Closed NunoSempere closed 2 years ago
Yes! I've already noticed this and working on it currently (simultaneously with some refactorings for platforms code).
GraphQL is a separate and higher layer of abstraction than DB-related code, I don't see how it's relevant. Maybe you mean Prisma?..
In that case, I agree that it doesn't make sense to write much SQL by hand now when it's all going to be replaced. But I might do (1) and (3) from the list anyway, it doesn't seem difficult.
PS: I'd also like to figure out some kind of partial updates API for platforms; that should make updates for some platforms much more efficient. E.g., if a platform supports sorting by "latest" then we could just fetch the new forecasts and not everything.
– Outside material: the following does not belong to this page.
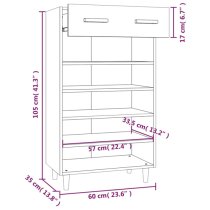 Beril Wooden Shoe Storage Cabinet With Drawer In White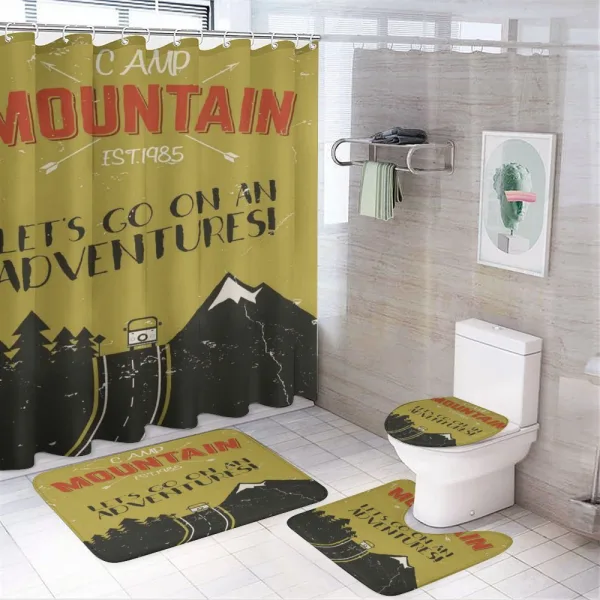 Lets Go on an Adventure Words on a shower curtain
But that's a different and a larger task.
Note that this kinda conflicts with point (2): if the platform code provides a stream of updates then it's hard to detect whether another forecast in the DB which wasn't updated for a while is dead and should be deleted.
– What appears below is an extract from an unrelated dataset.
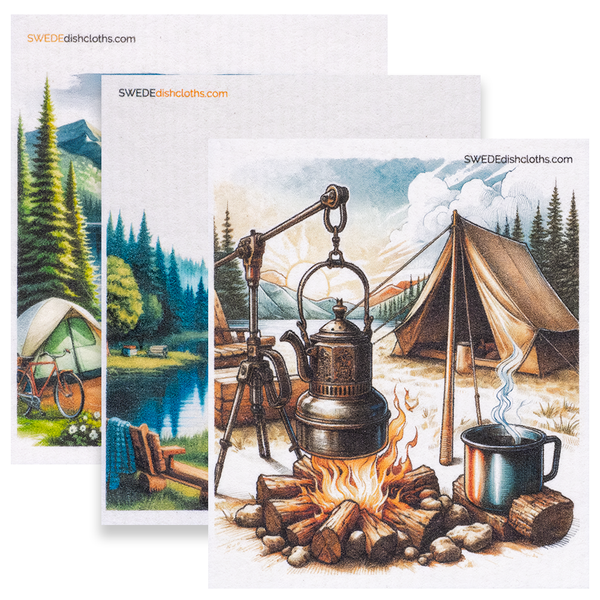 Set of three mixed camping design Swedish dishcloths laid out together — eco-friendly paper towel replacements by SWEDEdishcloths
do we want to delete stale forecasts if new fetch doesn't return the ones that were previously in the DB?
So the way I was doing this is to delete the old ones if the new fetch brings up a non-empty array. I'm ok with other heuristics, though.
Right now upserts are done really inefficiently: the whole latest.platform_name database is deleted, and forecasts are inserted one by one. This is inefficient and could be much improved.
It's not clear whether it's worth it to optimize on postgres directly, rather than waiting until the graphql code is set up, and in fact I'm leaning towards the later.